The Great Recession made things worse.

It's further drained the financial resources of many congregations, seminaries and religious day schools. Some congregations have disappeared and schools have been closed. In areas hit hardest by the recession, worshippers have moved away to find jobs, leaving those who remain to minister to communities struggling with rising home foreclosures, unemployment and uncertainty.

Religion has a long history of drawing hope out of suffering, but there's little good news emerging from the recession. Long after the economy improves, the changes made today will have a profound effect on how people practice their faith, where they turn for help in times of stress and how they pass their beliefs to their children.

"In 2010, I think we're going to see 10 or 15 percent of congregations saying they're in serious financial trouble," says David Roozen, a lead researcher for the Faith Communities Today multi-faith survey, which measures congregational health annually. "With around 320,000 or 350,000 congregations, that's a hell of a lot of them."

...Enrollment in one group of 120 Jewish community day schools is down by about 7 percent this academic year, according to Marc Kramer, executive director of RAVSAK, a network of the schools. A few schools lost as many as 30 percent of their students. Many of the hundreds of other Jewish day schools, which are affiliated with Reform, Conservative and Orthodox movements, are also in a financial crunch.

Kramer says 2009-10 will be a "make or break" year for Jewish education, partly because of the additional damage to endowments and donors from Bernard Madoff's colossal fraud.

Overall, U.S. Jewish groups are estimated to have lost about one-quarter of their wealth.

"It's going to be painful," Kramer says. "There will be some losses."
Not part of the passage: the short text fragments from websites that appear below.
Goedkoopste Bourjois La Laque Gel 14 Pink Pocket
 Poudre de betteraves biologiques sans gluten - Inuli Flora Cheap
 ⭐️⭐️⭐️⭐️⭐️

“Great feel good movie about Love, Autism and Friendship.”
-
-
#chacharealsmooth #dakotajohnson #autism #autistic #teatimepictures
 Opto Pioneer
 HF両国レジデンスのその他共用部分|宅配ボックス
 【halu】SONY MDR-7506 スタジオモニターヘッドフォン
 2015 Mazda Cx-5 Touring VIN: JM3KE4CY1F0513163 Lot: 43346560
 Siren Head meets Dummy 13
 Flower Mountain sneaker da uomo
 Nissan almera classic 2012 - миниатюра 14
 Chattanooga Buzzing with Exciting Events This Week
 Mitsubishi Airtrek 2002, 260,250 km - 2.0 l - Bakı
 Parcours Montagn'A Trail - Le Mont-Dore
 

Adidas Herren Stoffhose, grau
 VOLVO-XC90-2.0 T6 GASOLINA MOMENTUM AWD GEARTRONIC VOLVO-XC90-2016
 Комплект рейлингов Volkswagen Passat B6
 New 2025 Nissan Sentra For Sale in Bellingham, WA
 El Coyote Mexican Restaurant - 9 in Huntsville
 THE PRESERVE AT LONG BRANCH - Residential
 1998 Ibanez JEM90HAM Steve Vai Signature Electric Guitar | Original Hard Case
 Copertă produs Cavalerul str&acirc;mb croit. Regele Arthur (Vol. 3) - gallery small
The Association for Christian Schools International, which represents about 3,800 private schools, says enrollment is down nationally by nearly 5 percent. About 200 Christian schools closed or merged in the last academic year, 50 more than the year before.

At least 80 members of the Association of Theological Schools, which represents graduate schools in North America, have seen their endowments drop by 20 percent or more.

...Before the stock market tanked last fall, only 19 percent of U.S. congregations described their finances as excellent, down from 31 percent in 2000, according to the 2008 Faith Communities Today poll.